---------- Information provided ----------

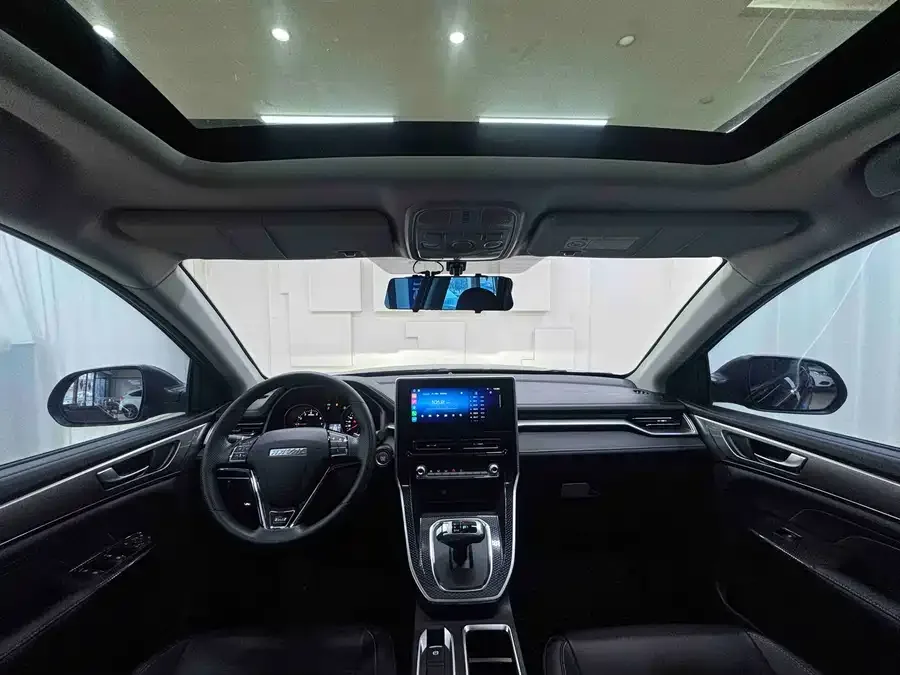 Haval M6 Haval M6 2021 PLUS 1.5T DCT Comfort Edition 2022 — миниатюра 5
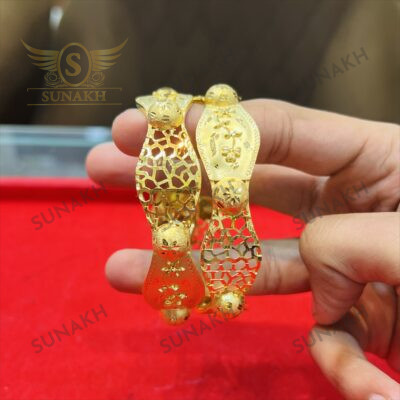 SPEKTRA BANGLES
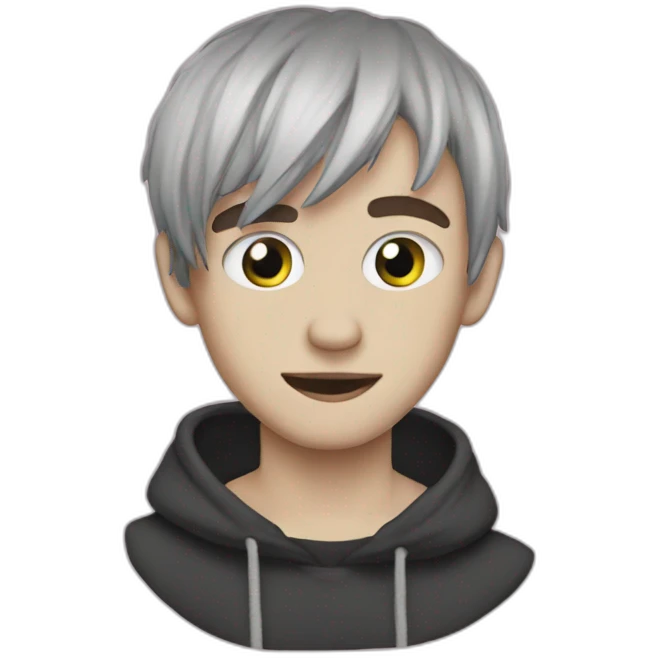 lil peep emoji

----------

__Your task__
Set down the material exactly as given, but print none of the pictures.

__Response box__
 Haval M6 Haval M6 2021 PLUS 1.5T DCT Comfort Edition 2022 — миниатюра 5
 SPEKTRA BANGLES
 lil peep emoji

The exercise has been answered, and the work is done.